WHAT IS NEEDED: In the entries below, locate the line with "een slaapkamer met", then give again that line and all lines after it, exactly, with pictures omitted.

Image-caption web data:

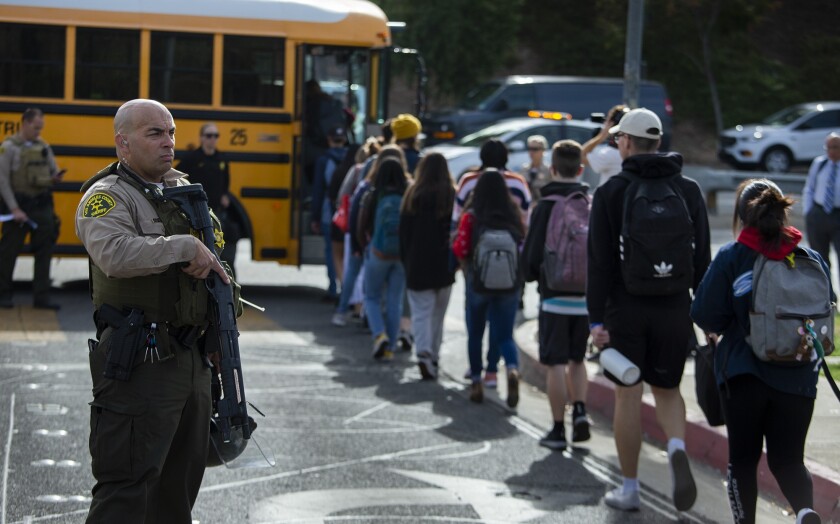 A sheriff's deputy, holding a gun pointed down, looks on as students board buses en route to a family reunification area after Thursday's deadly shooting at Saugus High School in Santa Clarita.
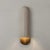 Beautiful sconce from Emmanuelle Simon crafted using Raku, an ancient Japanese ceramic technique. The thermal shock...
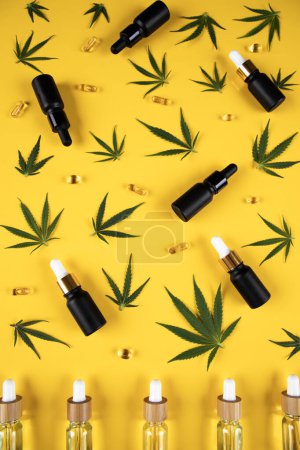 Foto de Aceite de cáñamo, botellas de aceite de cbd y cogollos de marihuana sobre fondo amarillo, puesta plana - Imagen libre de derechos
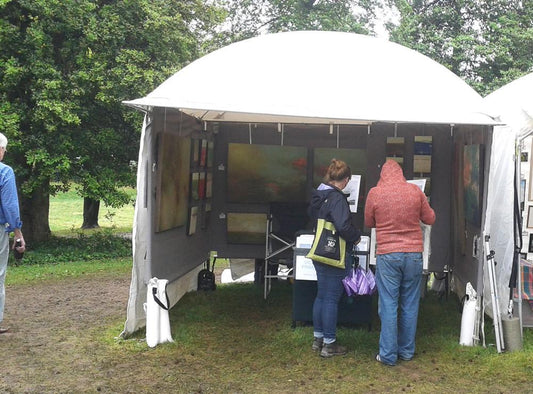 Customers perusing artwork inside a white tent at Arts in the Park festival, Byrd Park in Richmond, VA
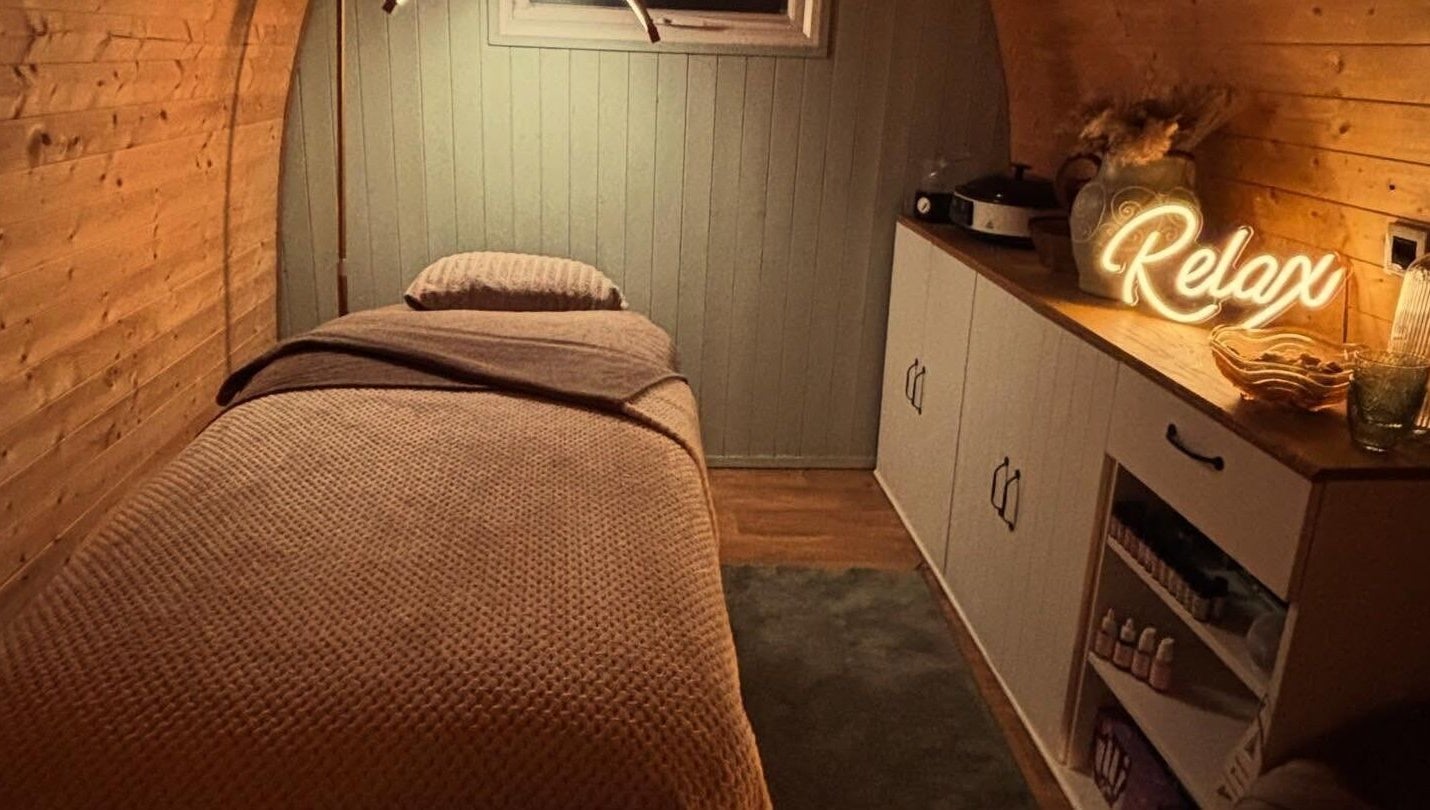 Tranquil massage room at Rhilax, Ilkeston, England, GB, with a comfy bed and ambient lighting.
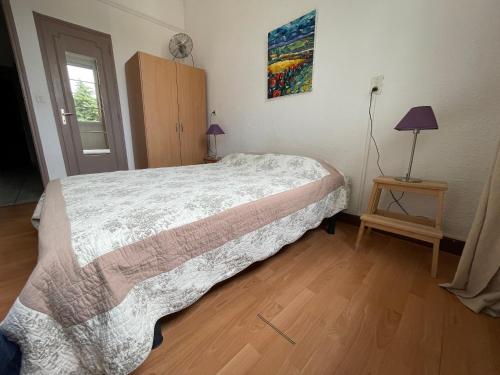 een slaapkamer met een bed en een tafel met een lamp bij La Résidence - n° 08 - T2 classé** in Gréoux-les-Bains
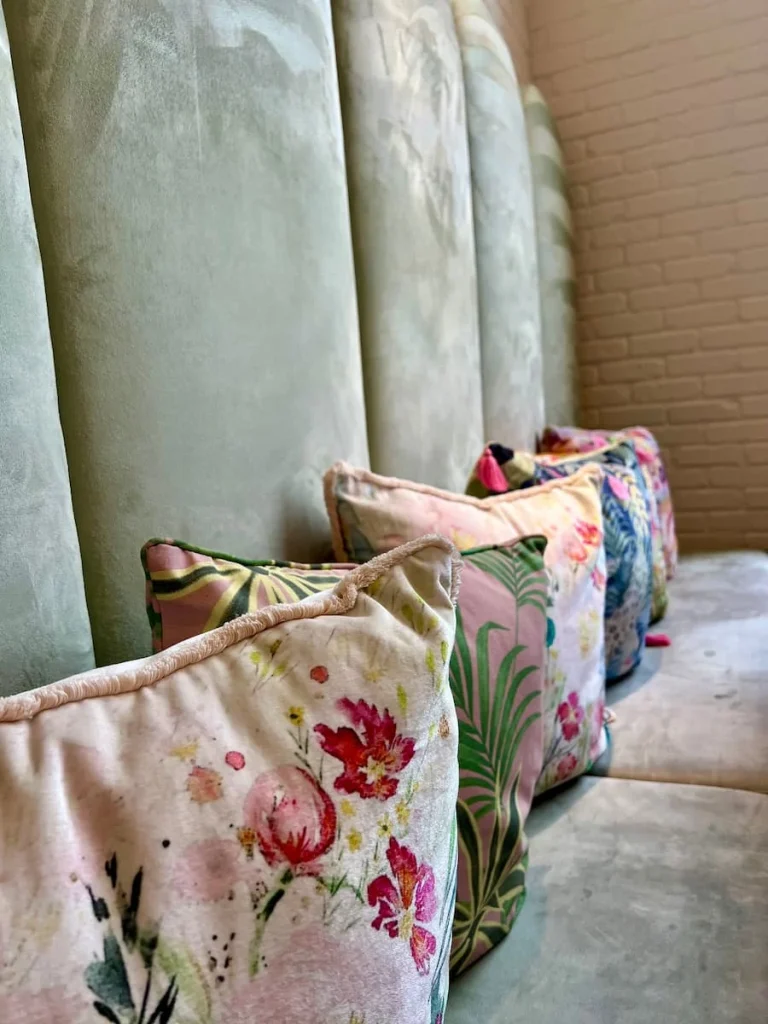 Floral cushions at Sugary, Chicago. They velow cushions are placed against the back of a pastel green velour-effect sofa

EXERCISE RESPONSE:
 een slaapkamer met een bed en een tafel met een lamp bij La Résidence - n° 08 - T2 classé** in Gréoux-les-Bains
 Floral cushions at Sugary, Chicago. They velow cushions are placed against the back of a pastel green velour-effect sofa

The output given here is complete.